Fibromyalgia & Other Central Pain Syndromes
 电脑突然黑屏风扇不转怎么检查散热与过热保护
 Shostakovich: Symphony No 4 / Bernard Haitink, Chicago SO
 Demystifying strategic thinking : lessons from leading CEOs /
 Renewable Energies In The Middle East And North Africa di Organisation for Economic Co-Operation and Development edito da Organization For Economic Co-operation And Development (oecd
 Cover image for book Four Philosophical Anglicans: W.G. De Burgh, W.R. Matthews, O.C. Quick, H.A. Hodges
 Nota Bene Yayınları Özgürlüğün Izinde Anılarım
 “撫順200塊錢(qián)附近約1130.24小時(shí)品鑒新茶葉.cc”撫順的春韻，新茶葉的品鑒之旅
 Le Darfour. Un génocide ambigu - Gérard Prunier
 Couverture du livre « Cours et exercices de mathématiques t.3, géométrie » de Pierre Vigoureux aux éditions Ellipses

§

Transcribe the full listing exactly, omitting nothing.

**Answer box:**
Fibromyalgia & Other Central Pain Syndromes
 电脑突然黑屏风扇不转怎么检查散热与过热保护
 Shostakovich: Symphony No 4 / Bernard Haitink, Chicago SO
 Demystifying strategic thinking : lessons from leading CEOs /
 Renewable Energies In The Middle East And North Africa di Organisation for Economic Co-Operation and Development edito da Organization For Economic Co-operation And Development (oecd
 Cover image for book Four Philosophical Anglicans: W.G. De Burgh, W.R. Matthews, O.C. Quick, H.A. Hodges
 Nota Bene Yayınları Özgürlüğün Izinde Anılarım
 “撫順200塊錢(qián)附近約1130.24小時(shí)品鑒新茶葉.cc”撫順的春韻，新茶葉的品鑒之旅
 Le Darfour. Un génocide ambigu - Gérard Prunier
 Couverture du livre « Cours et exercices de mathématiques t.3, géométrie » de Pierre Vigoureux aux éditions Ellipses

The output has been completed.